Being raised in Australia and having spent time in Europe, swearing sounds normal to Crowley.

“My basic view is that Idahoans must be the politest, ‘non-swearingest’ folk I know,” Crowley said.

Though when Crowley hears cursing in the classroom, he has a different
reaction.

“You have to first make sure that it hasn’t bent anyone else out of shape, because that’s really bad,” Crowley said.

Crowley noted that learning is something people won’t respond to if they are stressed. So when a classroom setting is stressful for students they won’t receive and retain the new information as well as they would if the classroom setting was comfortable.

“Swearing means that everyone is feeling really comfortable,” Crowley said. “Comfortable people are engaged people.”

Crowley noted that this isn’t always the case.

“On the other hand, cursing can sometimes make stress, which means the learning environment is down the tubes,”
Crowley said.

So when students are cursing in the classroom, Crowley evaluates the scenario to decide how to respond.

“This is either really good or really bad,” Crowley said. “I have to work out which one it is fast.”

Crowley judges the reaction of the class to cursing by acknowledging everyone’s body language. Students are used to figuring out what people are thinking by studying their facial and vocal expressions.

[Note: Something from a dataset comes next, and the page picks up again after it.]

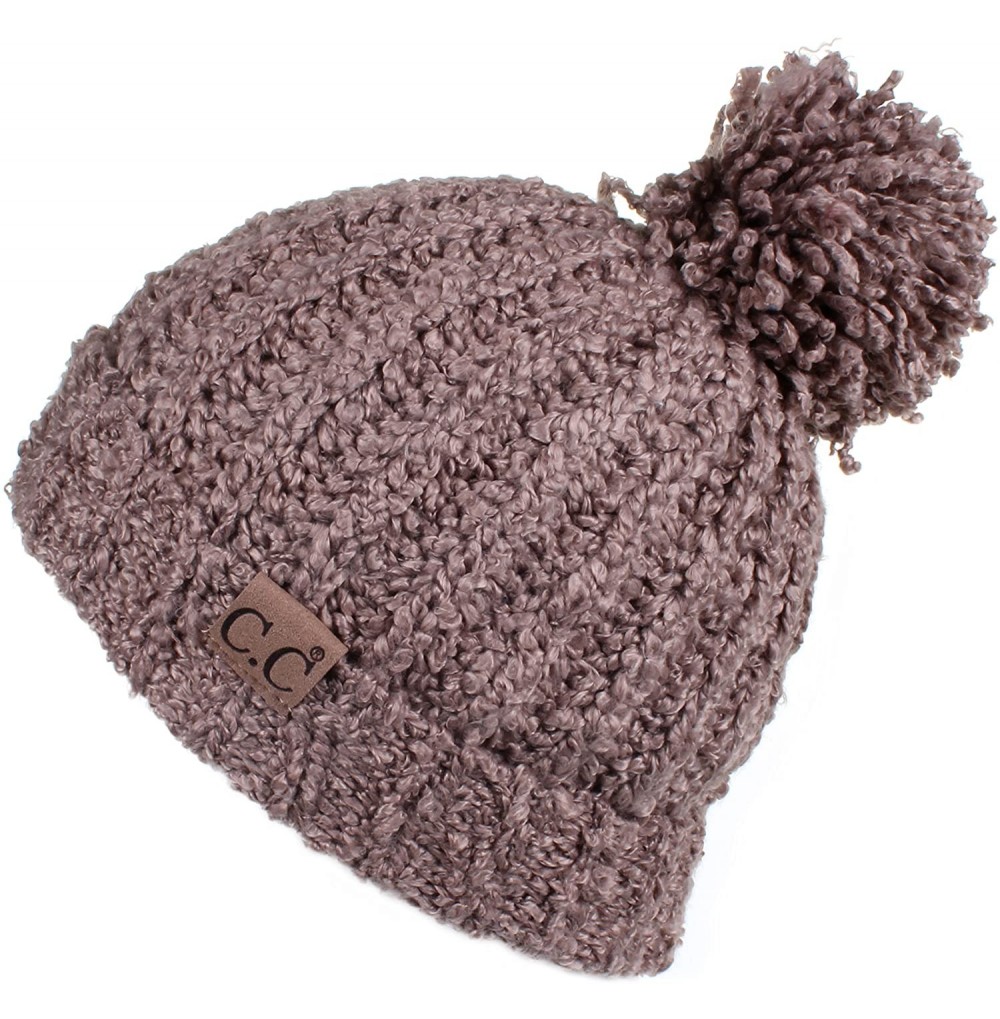 Skullies & Beanies Winter Hat Cable Knitted Large Soft Pom Pom Beanie Hat (HAT-7362) - Taupe - CD189LNDLNI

“And, like anything, it works better in a group of six or 15 than it does in a group of 35,” Crowley said.

Niether Crowley nor Brian Kierland, associate professor of philosophy, address cursing specifically in their syllabi, but they have never had a problem with it, so they see no need to change it.

In Kierland’s syllabus, however, he has a guideline that says, “do your part in maintaining a learning friendly classroom,” which he believes covers any potential issue that could arise from cursing.

“I would expect that at some point it (cursing) would start to offend some other students,” Kierland said. “I don’t think anything is really gained by the cursing and it would distract other students so I would ask them to tone it down.”

Laura Winslow, sophomore marketing major, thinks swearing comes off as unintelligent, though it doesn’t offend her.

“We’re all 20-something year olds; we’ve heard a couple swear words here and there,” Winslow said.

Winslow adds that cursing in the classroom has never even crossed
her mind.

“I just generally don’t cuss,” Winslow said.

Though neither Kierland nor Crowley have ever had severe issues with students cursing in their classroom, sophomore Travis Scranton, a business marketing major, had a friend who had a bad experience in the classroom.

“A friend of mine was sworn at,” Scranton said.

He found this highly inappropriate and said he feels swearing in the classroom in general is
unprofessional.

Kierland, however, has an experiment in class where he uses swearing to his
advantage.

“If you don’t do it very often people respond to it,” Kierland said. “Sometimes I intentionally throw in a curse word because it helps to get students attention.”

In one of Kierland’s examples in class he described a thought experiment to his students which involves them thinking “what the fuck,” Kierland said when he throws in that line he always gets the class’ focus.